(Collection entries)
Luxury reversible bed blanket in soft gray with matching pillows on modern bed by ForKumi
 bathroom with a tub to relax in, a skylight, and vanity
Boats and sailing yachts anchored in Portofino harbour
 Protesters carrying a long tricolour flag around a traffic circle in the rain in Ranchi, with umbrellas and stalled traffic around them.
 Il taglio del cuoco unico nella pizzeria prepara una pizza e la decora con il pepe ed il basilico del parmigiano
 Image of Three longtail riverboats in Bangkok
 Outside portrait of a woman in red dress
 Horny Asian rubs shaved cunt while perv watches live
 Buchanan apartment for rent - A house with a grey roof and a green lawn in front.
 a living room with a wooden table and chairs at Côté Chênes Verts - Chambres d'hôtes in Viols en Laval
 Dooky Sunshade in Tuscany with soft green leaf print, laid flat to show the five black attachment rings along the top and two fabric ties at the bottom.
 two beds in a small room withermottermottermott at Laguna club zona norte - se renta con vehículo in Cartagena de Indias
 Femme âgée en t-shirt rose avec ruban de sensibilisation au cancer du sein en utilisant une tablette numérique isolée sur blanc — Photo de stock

*Exercise requirements*: Which lines above run from the one containing "a living room" down to the one containing "two beds in"? Repeat exactly those, both ends included, and nothing else.

*Exercise output*:
 a living room with a wooden table and chairs at Côté Chênes Verts - Chambres d'hôtes in Viols en Laval
 Dooky Sunshade in Tuscany with soft green leaf print, laid flat to show the five black attachment rings along the top and two fabric ties at the bottom.
 two beds in a small room withermottermottermott at Laguna club zona norte - se renta con vehículo in Cartagena de Indias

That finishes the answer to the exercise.